JDF Jones's officially sanctioned biography, the first to tackle the man who eventually became a confidant of Margaret Thatcher and a godfather to Prince William, is probably best read by those people who are least likely to pick it up in the bookshop. It may look like a worthy study of an esteemed establishment figure but it actually contains some ugly insights into how that social status was achieved. The idea that only devotees of van der Post's mystical works, or of Prince Charles's derivative philosophy, will end up buying Jones's book is annoying. Those who were always a little suspicious of van der Post are the ones who will get most out of this exposé.
Van der Post was born in 1906 in the Orange Free State and was the tenth of 13 children, most of whom survived with him into old age. His mother, known as Lammie, was a strong matriarch who even attempted to organise the life of her young son, Louwkie, from afar while he worked in London as a journalist. Jones chooses to take up the story a little later, during the war, when van der Post began to shape the story of the man he wanted to become.
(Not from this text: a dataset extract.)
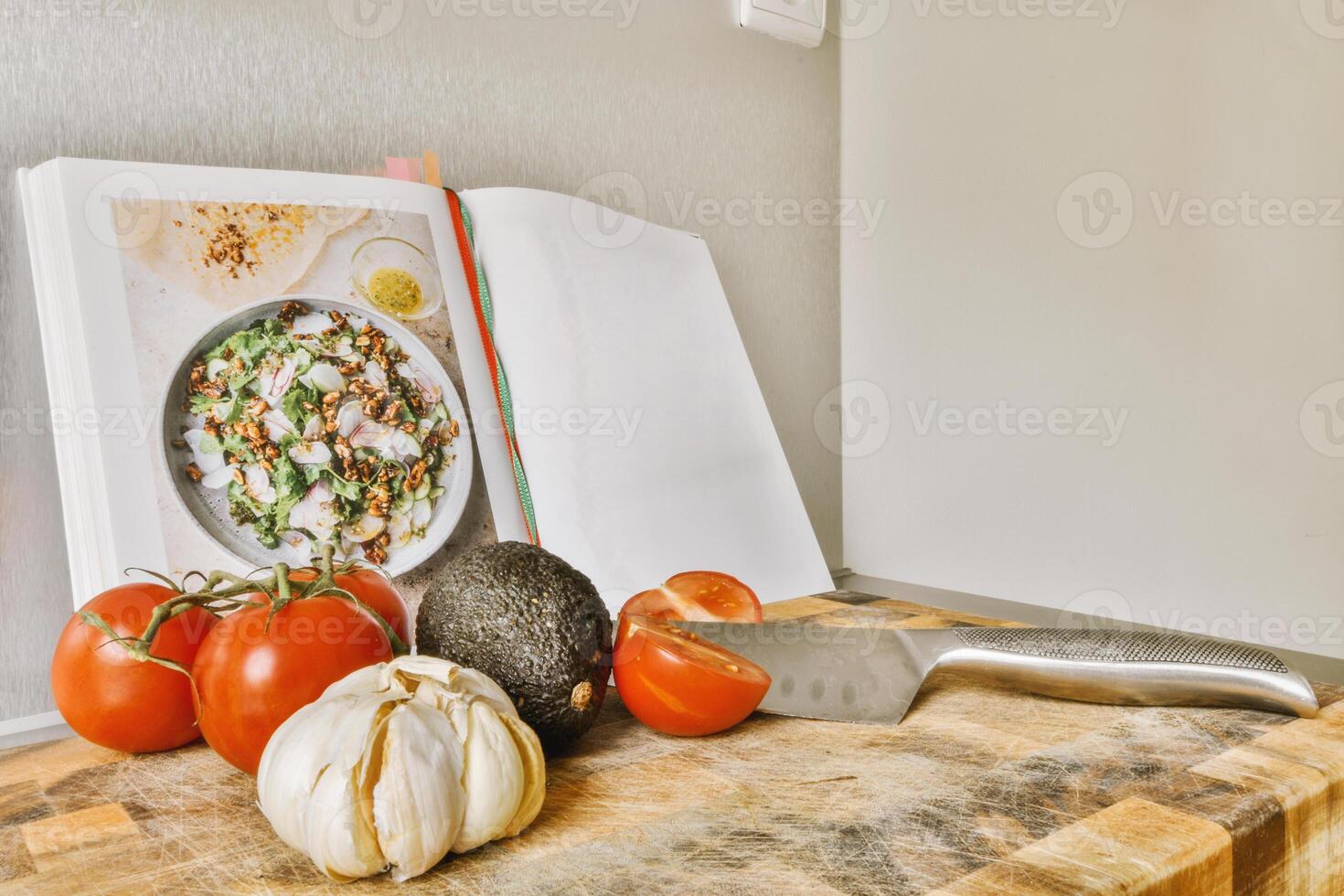 A book on a cutting board with tomatoes, garlic, and a knife photo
It's clear that the version of his military history that van der Post peddled over the years bears no relation to archived facts. He once claimed he had volunteered to join a prestigious British regiment, one that had captured first his grandfather, then his father, in earlier African campaigns. It wasn't true. In fact he had enlisted in the comparatively dreary Military Police in Acton in 1940.
By this time, the young van der Post was conducting an affair with a married woman called Ingaret Gifford, his own wife and young son having been conveniently shipped back out to South Africa. To be fair, the affair wasn't a fly-by-night fling: his love for Ingaret proved longlasting, and in 1949 they married.
Much more damagingly, documents uncovered by Jones have confirmed allegations that van der Post had had a secret child after an affair with a 14-year-old girl. In 1996, just three days after the author's death, a woman called Cari Mostert came forward to claim she was the writer's illegitimate daughter and that her under-age mother had been seduced during a boat trip to England. The tryst seems to have taken place five years after van der Post's second marriage while the girl was travelling to London to train as a ballet dancer. Jones's research has shown the writer did, however, make financial provision for the baby, arranging by deed of covenant to support her until she was 18.
Jones pulls few punches. He is happy to praise his subject as a consummate storyteller but consistently casts doubt upon the legend he created. 'The closer we get to Laurens's detail,' he writes, 'the more we become perplexed by the growing suspicion that Laurens wasn't all that he said he was.' We learn that Klara, the Bushman nanny whom Laurens repeatedly claimed had looked after him, was in fact an amalgam of several women. It also turns out that this international expert on the Kalahari desert had spent far less time there than he made out.
So how did van der Post pull it off, and for such a long period? The answer seems to be that he rigidly compartmentalised his life and made sure that he kept tight control over the fantasies he wove. Through charm and force of personality he gained access to key historical players and used each of them to step into his next sphere of influence. In this way he moved between entirely disparate worlds.
In early life his mentor and friend was the founding father of analytical psychology Carl Gustav Jung. Later he became close to Sir James Goldsmith and to the Zulu chief Mangosuthu Buthelezi, while in the period leading up to his death, at the age of 90 in a Chelsea penthouse, he was best known as a valued adviser to Margaret Thatcher. When she came to power in 1979 he commented: 'For the first time since the war, I, personally, feel that Britain is being governed again.'
It is not van der Post's fault that he has been revered as a modern-day saint. There are few subjects, after all, who could not be knocked down once set up so high. But Jones cannot forgive van der Post for fictionalising his own history. This, he believes, was a betrayal that will permanently undermine the writer's inspirational works.